Sawmills have begun springing up near forest reserves in Goaso and Nkawie forest districts, a member of Forest Watch Ghana, Mr. Owusu Asare has stated.
He disclosed this during Forest Watch Ghana’s 2016 3rd General Meeting held in Larteh in the Eastern Region.
According to him, the availability of sawmills near the reserves makes it easier for illegal loggers to transport wood without any interrogation from authorities mainly because they are able to mill the logs into lumber before transporting them.
“There are no inscriptions on the logs. The chainsaw operators mill these logs into lumber before transporting them,” he said.
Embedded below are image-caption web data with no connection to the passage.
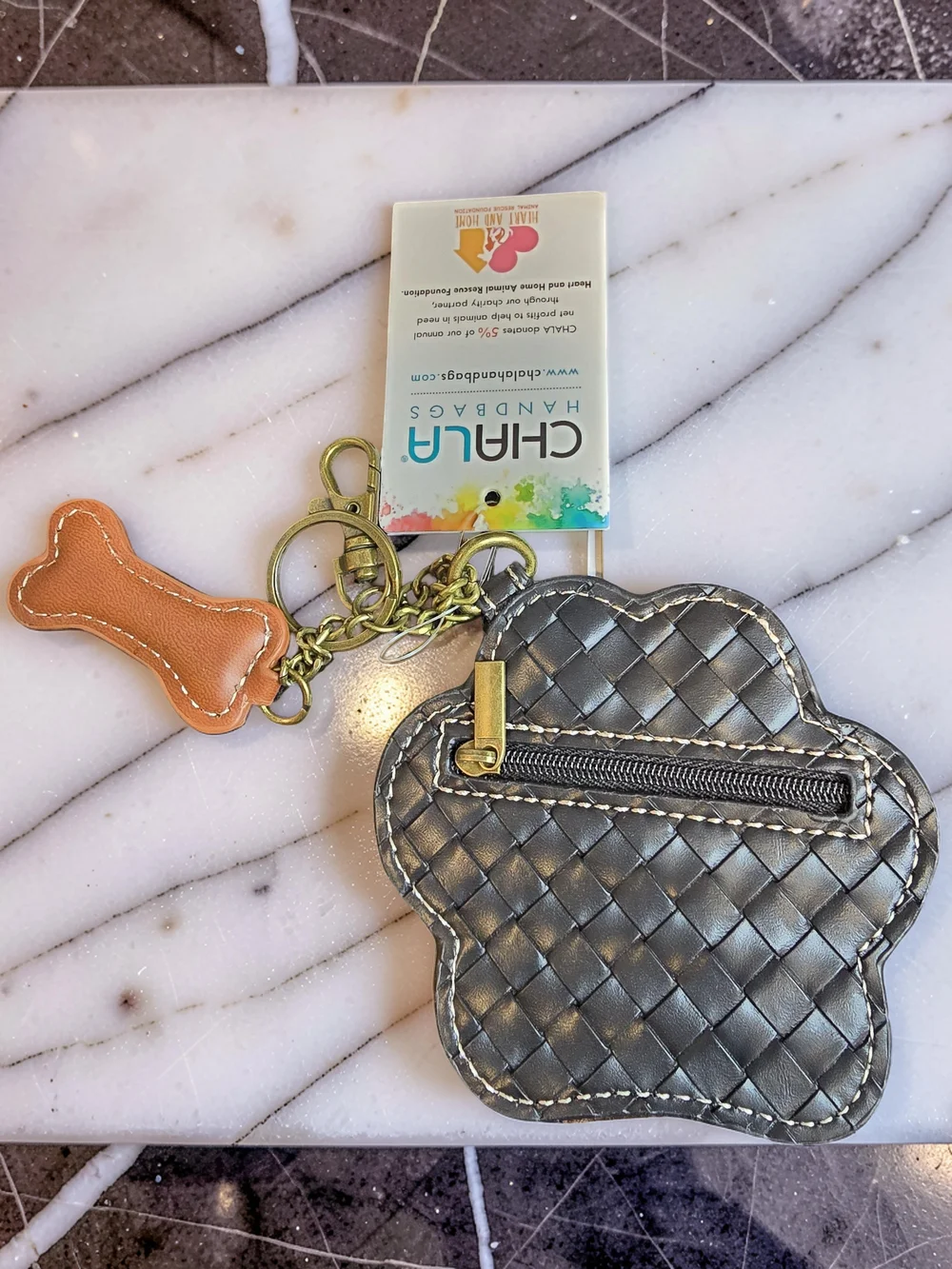 NWT Chala Paw Print Key Fob Coin Purse Bag Charm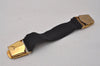 Authentic CHANEL Vintage Logo Arm Band Rubber Black 2762I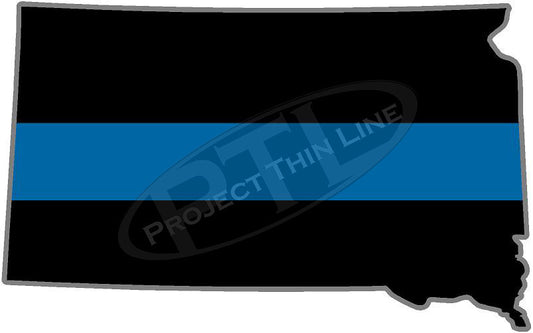 5" South Dakota SD Thin Blue Line State Sticker Decal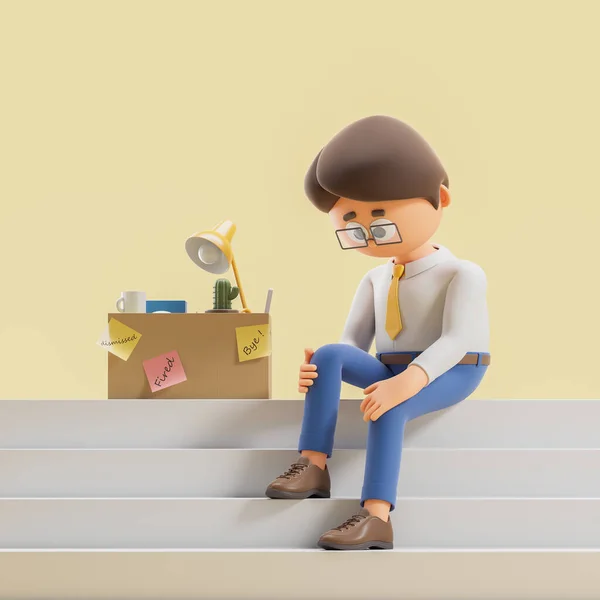 Vykreslování Charakter Kresleného Muže Sedícího Schodech Kancelářskými Nástroji Smutný Bezmocný — Stock fotografie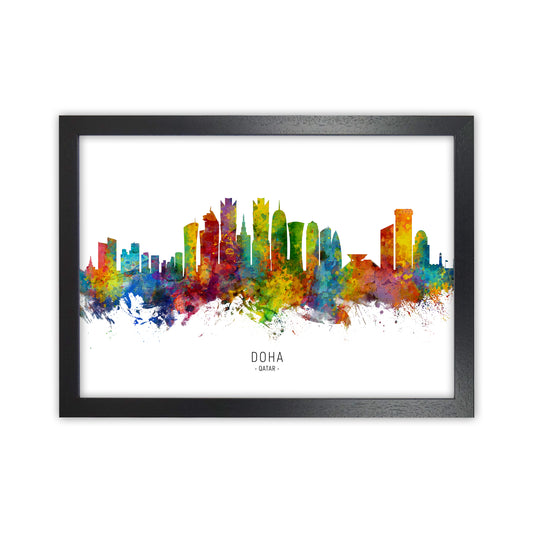 Doha Qatar Skyline Art Print by Michael Tompsett Black Grain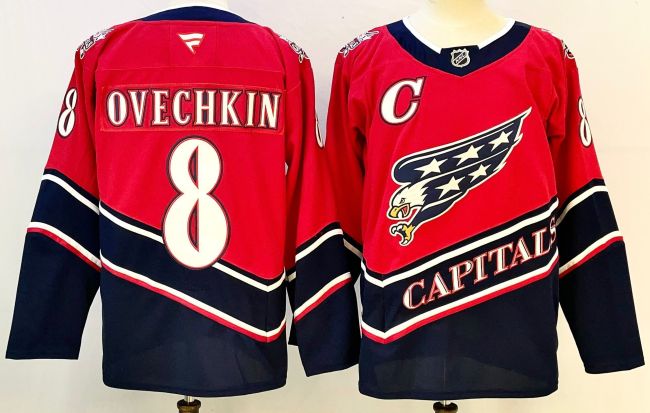 Washington Capitals OVECHKIN 8 Red/Black NHL Jersey Hockey Shirt
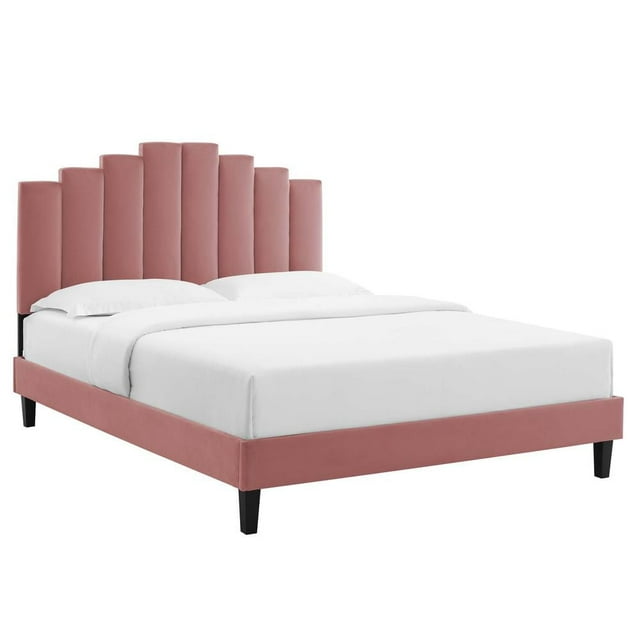 Modway Elise Lit Plateforme en Velours Performance Très Grand Rose Poussiéreux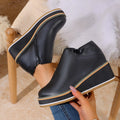 2025 New Women Boots Fashion Zipper Ankle Boots for Women Designer Wedge Platform Boots Pu Leather Casual Shoes Botas De Mujer Zpaxo black 42
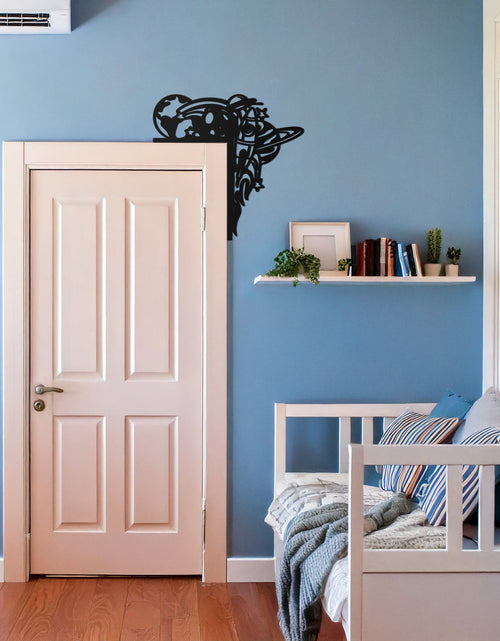 Load image into Gallery viewer, Space Theme Rocket and Planets Metal Door Corner Decor – Kids Room Cosmic Wall Art-KAF607

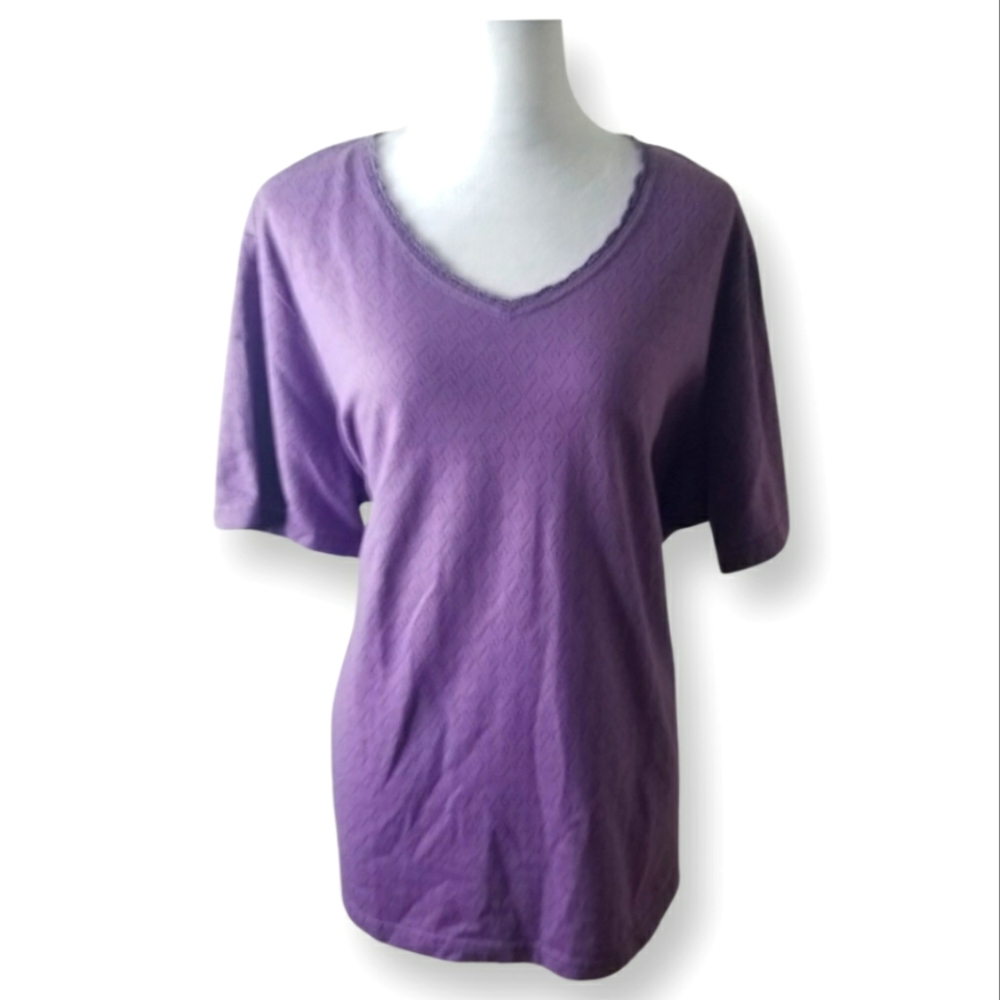 🦋Bobbie Brooks Woman Purple Diamond Print Plus Size Top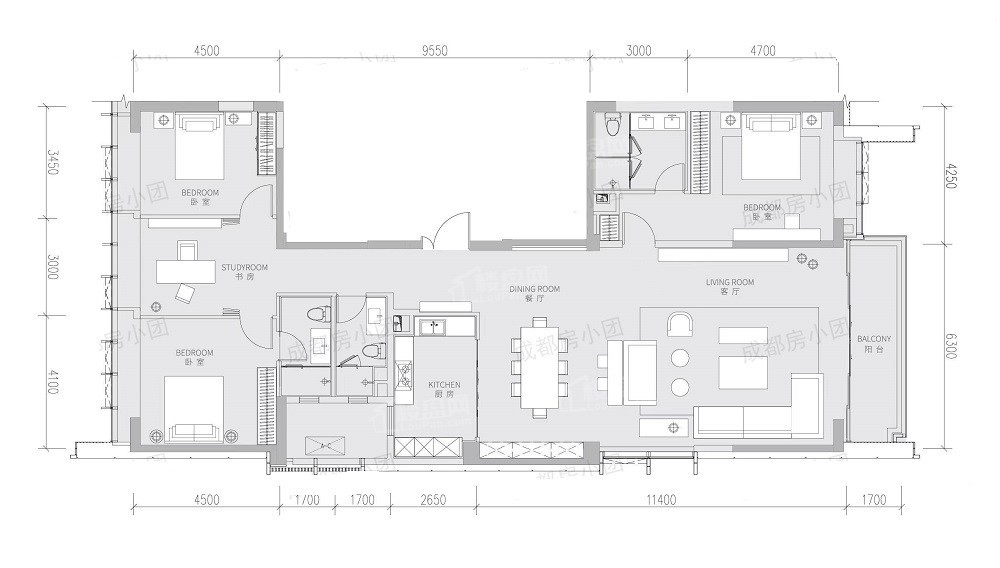 成都蔚蓝卡地亚花园城4室2厅2卫户型图-成都楼盘网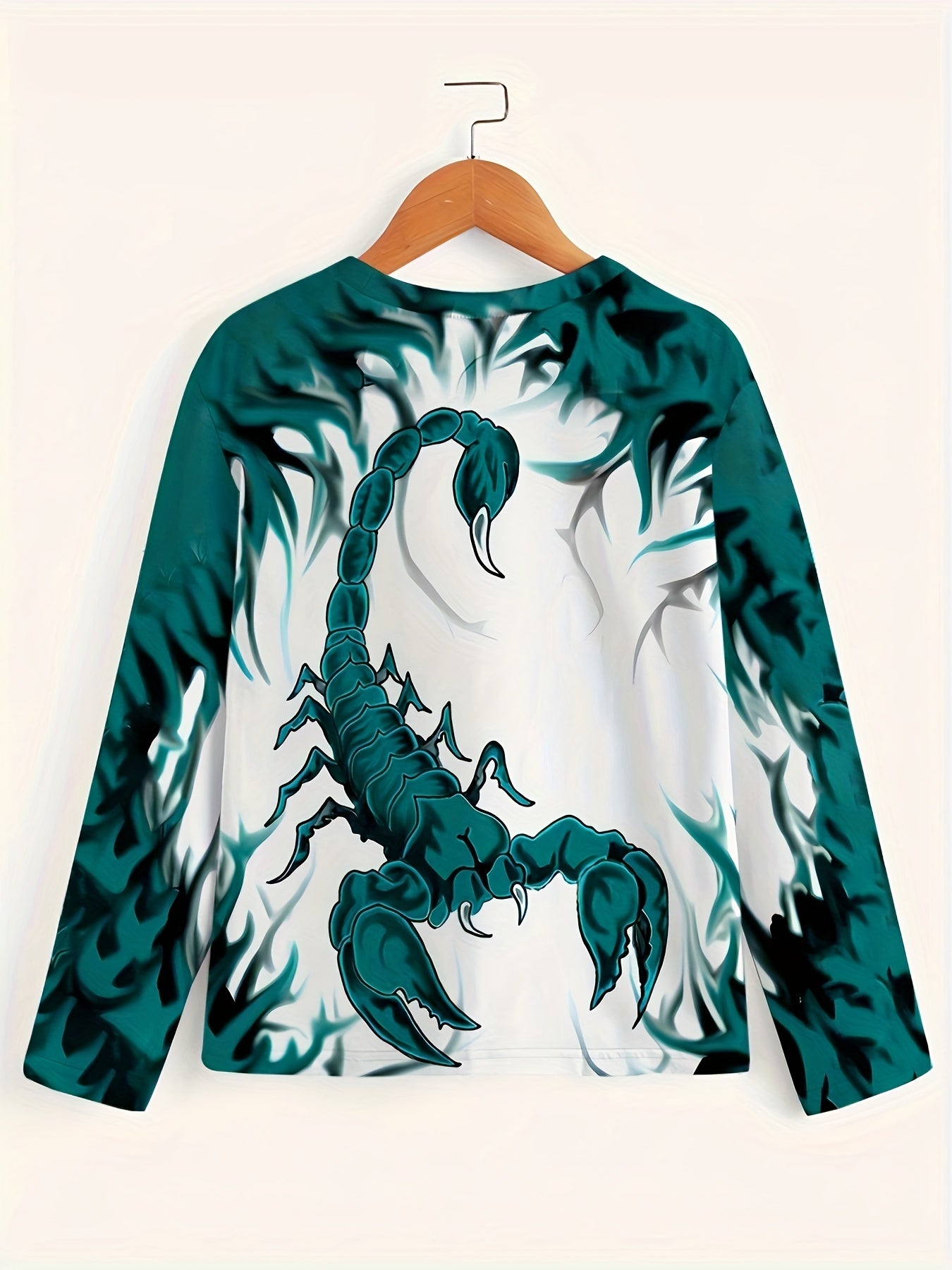 Scorpion Print Men's Long Sleeve Graphic T shirt Casual Comfy Tees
He noted that the chainsaw business is booming in Goaso and Nkawie forest districts as a result of this development. He also alledged that foreigners, including Burkinabes have joined in the business and are even suspected to be the financiers.
Chainsaw milling is environmentally unfriendly and contributes significantly to deforestation in the country. Chainsaw milling also results in loss of huge tax revenues annually in Ghana.
Due to these reasons, in 1997 (Act 547 of 199) and 1998 (and L.I. 1649) the government banned the use of chainsaw for lumber production as well as the sale and use of chainsaw lumber in Ghana. This was after the failure of the Trees and Timber (Chainsaw Operations) Regulations, 1991 legislative instrument 1518.
Under these regulations (the 1991 regulations), the chainsaw operators were legally recognised and their activities were supposed to be regulated by the District Assemblies and District Forestry Officers at the local level.
The system led to indiscriminate felling of trees raising concerns about resource depletion and environmental degradation. This resulted in the imposition of ban on chainsaw lumber production and trade.